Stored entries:
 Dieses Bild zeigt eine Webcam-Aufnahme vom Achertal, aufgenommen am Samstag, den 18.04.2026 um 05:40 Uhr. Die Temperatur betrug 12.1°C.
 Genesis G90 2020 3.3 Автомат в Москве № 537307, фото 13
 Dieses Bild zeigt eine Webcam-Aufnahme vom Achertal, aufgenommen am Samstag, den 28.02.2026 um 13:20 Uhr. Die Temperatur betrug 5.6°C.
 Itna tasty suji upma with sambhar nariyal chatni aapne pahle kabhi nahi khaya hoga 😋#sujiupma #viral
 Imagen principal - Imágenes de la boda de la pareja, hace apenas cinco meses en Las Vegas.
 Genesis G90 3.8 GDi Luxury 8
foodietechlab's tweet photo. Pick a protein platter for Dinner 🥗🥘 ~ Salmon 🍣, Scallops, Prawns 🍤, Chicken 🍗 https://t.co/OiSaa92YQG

Work task:
Every line from the one containing "Itna tasty suji" through the end of the data must be repeated exactly, and no other line.

Written solution:
 Itna tasty suji upma with sambhar nariyal chatni aapne pahle kabhi nahi khaya hoga 😋#sujiupma #viral
 Imagen principal - Imágenes de la boda de la pareja, hace apenas cinco meses en Las Vegas.
 Genesis G90 3.8 GDi Luxury 8
foodietechlab's tweet photo. Pick a protein platter for Dinner 🥗🥘 ~ Salmon 🍣, Scallops, Prawns 🍤, Chicken 🍗 https://t.co/OiSaa92YQG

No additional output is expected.